ASSIGNMENT ▸
All pictures are to be omitted while the lines starting at the line with "Géotechnique ; exercices" and ending at the line with "Vishy Anand - My Best Games of Chess" in the material below are retyped exactly, both ends included.

WORKING DATA ▸
============
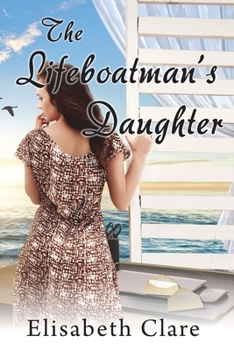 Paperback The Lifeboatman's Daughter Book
============
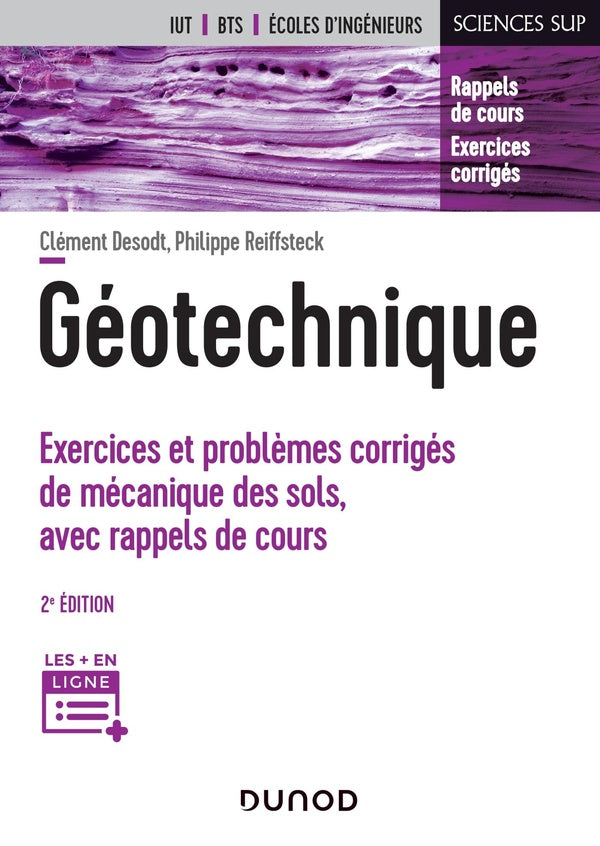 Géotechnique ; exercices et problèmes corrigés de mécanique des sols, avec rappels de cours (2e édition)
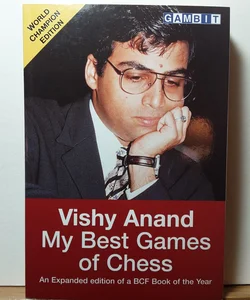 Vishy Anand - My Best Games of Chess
============
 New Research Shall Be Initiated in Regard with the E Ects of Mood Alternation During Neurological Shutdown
============
ANSWER SPACE ▸
 Géotechnique ; exercices et problèmes corrigés de mécanique des sols, avec rappels de cours (2e édition)
 Vishy Anand - My Best Games of Chess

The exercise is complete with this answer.